■ **WHAT NEEDS TO BE DONE**
Filter this data down to the lines that hold "government", and copy them.

Crawled caption data:
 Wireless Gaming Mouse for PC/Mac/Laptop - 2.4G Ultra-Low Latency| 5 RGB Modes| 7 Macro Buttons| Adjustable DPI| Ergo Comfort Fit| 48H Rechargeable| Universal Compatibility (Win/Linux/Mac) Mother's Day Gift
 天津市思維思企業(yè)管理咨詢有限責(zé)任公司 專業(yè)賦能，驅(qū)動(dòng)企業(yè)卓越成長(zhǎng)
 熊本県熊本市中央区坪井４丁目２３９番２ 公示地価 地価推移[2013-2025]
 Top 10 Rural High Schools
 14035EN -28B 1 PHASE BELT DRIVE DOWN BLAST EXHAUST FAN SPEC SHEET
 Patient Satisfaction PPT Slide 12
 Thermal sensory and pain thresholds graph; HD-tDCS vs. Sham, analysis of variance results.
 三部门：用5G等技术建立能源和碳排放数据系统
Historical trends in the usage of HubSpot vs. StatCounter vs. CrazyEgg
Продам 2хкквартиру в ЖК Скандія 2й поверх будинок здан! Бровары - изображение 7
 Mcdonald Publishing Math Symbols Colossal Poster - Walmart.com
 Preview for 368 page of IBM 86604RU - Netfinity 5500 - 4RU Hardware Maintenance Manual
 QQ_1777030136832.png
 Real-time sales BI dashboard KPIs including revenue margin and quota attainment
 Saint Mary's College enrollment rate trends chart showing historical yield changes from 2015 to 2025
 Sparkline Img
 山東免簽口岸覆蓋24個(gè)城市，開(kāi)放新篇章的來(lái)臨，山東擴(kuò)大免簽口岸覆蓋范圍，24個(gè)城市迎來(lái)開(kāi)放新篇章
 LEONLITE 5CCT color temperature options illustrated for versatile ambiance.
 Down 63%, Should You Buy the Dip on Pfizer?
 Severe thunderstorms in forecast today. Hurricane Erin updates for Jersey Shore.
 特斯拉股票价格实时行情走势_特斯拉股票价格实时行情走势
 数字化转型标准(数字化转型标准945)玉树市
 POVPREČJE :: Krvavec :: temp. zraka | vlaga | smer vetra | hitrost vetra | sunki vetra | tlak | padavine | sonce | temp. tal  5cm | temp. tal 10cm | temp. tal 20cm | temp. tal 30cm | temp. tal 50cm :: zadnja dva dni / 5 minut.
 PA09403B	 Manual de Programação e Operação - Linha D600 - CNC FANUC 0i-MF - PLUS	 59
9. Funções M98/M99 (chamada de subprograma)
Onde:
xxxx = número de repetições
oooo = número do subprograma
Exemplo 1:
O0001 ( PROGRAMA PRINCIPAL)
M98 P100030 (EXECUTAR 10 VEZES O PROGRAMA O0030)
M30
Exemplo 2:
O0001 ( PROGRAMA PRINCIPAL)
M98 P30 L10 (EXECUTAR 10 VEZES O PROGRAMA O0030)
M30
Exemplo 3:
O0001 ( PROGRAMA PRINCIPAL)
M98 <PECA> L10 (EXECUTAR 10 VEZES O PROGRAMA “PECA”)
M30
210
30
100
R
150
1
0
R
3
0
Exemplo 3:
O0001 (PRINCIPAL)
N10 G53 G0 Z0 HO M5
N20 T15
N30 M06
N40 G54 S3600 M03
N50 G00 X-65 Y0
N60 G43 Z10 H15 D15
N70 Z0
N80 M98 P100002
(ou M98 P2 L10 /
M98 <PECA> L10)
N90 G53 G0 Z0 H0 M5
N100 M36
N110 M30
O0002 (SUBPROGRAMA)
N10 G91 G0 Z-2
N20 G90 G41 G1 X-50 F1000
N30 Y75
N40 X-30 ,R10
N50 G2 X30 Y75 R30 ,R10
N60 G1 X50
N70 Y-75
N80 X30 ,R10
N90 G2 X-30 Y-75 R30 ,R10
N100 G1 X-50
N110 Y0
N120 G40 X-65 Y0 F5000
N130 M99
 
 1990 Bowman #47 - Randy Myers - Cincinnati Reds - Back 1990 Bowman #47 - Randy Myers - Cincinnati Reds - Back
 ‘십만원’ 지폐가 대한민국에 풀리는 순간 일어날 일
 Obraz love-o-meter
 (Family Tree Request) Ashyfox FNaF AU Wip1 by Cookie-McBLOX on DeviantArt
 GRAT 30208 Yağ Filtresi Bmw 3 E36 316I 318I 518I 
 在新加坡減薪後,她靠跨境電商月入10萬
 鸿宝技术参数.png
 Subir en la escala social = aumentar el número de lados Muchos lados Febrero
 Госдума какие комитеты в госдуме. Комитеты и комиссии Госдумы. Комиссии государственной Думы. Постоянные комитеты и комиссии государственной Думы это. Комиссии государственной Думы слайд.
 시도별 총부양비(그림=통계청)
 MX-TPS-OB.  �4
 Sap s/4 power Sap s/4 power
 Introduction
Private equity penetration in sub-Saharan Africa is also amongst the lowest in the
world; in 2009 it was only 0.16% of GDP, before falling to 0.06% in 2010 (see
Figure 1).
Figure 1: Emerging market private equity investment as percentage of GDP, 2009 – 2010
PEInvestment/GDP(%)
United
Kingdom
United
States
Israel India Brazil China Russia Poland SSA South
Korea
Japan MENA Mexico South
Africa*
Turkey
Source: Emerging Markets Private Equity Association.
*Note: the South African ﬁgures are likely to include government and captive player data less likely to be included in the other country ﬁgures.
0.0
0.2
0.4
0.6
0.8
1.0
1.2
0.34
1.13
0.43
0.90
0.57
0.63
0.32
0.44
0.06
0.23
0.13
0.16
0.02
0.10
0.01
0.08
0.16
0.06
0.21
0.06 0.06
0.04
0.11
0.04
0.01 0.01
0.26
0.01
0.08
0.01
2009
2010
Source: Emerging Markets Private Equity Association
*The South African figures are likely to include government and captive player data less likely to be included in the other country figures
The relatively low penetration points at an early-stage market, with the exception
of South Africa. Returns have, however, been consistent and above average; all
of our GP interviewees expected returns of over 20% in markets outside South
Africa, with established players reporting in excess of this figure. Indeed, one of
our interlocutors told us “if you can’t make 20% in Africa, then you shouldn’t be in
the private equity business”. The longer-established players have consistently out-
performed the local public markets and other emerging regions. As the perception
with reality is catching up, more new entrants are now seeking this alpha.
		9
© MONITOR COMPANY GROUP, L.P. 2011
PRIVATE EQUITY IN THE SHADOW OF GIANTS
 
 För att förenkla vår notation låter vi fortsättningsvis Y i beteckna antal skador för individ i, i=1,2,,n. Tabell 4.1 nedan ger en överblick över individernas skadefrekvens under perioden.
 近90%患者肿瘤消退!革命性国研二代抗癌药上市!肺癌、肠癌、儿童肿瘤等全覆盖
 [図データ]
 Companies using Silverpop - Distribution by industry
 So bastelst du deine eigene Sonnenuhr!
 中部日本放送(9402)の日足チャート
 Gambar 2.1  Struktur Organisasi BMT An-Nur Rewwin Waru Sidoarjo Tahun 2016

■ **OUTPUT FOR THIS EXERCISE**
*Note: the South African ﬁgures are likely to include government and captive player data less likely to be included in the other country ﬁgures.
*The South African figures are likely to include government and captive player data less likely to be included in the other country figures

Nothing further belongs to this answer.